East Timor could become failed state, aid agency says

Reuters Canberra, Dili

East Timor, the world's newest nation, is in danger of becoming a failed state because Australia is dragging its feet on maritime border talks and hindering the development of its neighbor, aid agency Oxfam said on Thursday.

An Oxfam report released to coincide with East Timor's second anniversary of independence showed less than half the nation's 760,000 people could read or write, 41 percent live below the poverty line and one in 10 children die before the age of five.

Australia and East Timor are negotiating a border in the resource-rich Timor Sea. At stake are billions of dollars worth of oil and gas royalties, which East Timor has vowed to use to alleviate poverty, create jobs and improve education.

"Two years after independence, the Australian government's approach to maritime boundary negotiations with East Timor is limiting East Timor's capacity to plan for and finance its future development," Oxfam and Australian arm Community Aid Abroad said.

"This could push newly independent East Timor to the brink of becoming a failed state through no fault of its own," it said.

Australia has said it is only able to meet East Timor twice a year, but East Timor wants monthly meetings in a bid to accelerate maritime border talks that began last month in the East Timor capital Dili. The next meeting is set for September.

"We will continue to forge better relations with Australia but we will not have to sacrifice our interests for this," President Xanana Gusmao said in his speech in a veiled reference to the dispute.

At the heart of the dispute are billions of dollars worth of royalties from oil and gas reserves which lie in the waters between Australia and East Timor.

"We want to affirm here that we continue to firmly revindicate, only, what according to international law we can admit or conclude to be ours. It is not our intention to claim more than one gram or one millimeter of what does not belong to us," Gusmao said.
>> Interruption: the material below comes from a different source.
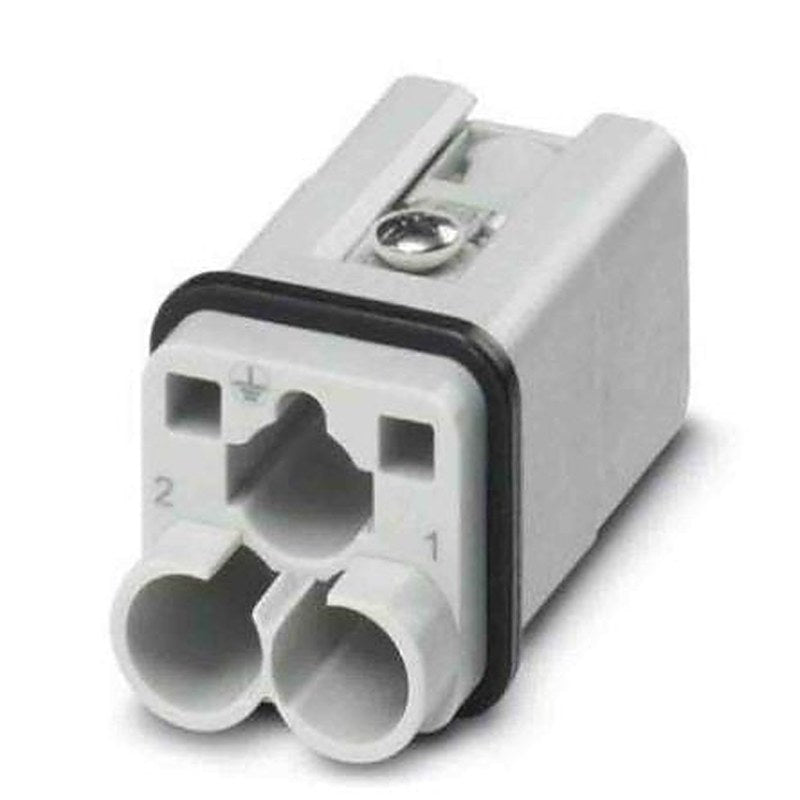 Phoenix Contact Heavy Duty Power Connector Module, 40A, HC Series Male, 2 Contacts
Defying the scorching sun, some 1,000 East Timorese rallied inside a football stadium in the seaside capital Dili during the subdued celebration.

Newly formed East Timorese police and troops, marched around the field, a day after assuming full responsibility over security in territory, which spans half an island.

Dozens of machete-wielding tribal chiefs, clad in bright yellow shirts and red headbands, also marched across the stadium as bystanders decked out in traditional costumes cheered the procession.

Australia denies claims it is cheating East Timor out of A$1 million (US$700,000) a day in disputed oil and gas royalties and says it has been more than generous to its tiny neighbor by giving it 90 percent of royalties from a joint development area.

A year ago the two countries agreed to a revenue sharing Timor Sea Treaty for a shared 62,000 square-km region that splits royalties 90:10 in favor of East Timor until a permanent maritime boundary is negotiated.

East Timor, which gained independence in 2002 after a quarter of a century of often brutal Indonesian rule, wants negotiations on a maritime border completed in three to five years. Australia has refused to put a deadline on an agreement.

"They've made a very big mistake thinking the best way to handle this negotiation is by trying to shame Australia, by mounting abuse on our country, accusing us of bullying, when you consider all we've done for East Timor," Australia's Foreign Minister Alexander Downer told Australian television recently.

"We will do what we believe to be right but, of course, in our interests," he said.

East Timor can claim a sea boundary 200 nautical miles (370 km) from its coast, consistent with its entitlement under international law and the U.N. Convention on the Law of the Sea.

But Australia can also claim a boundary 200 nautical miles from its coast. At the closest point, the countries are about 230 nautical miles apart.

Timor Sea gas fields include the $3.3 billion ConocoPhillips- operated Bayu-Undan project and the $5 billion Woodside Petroleum-run Greater Sunrise venture.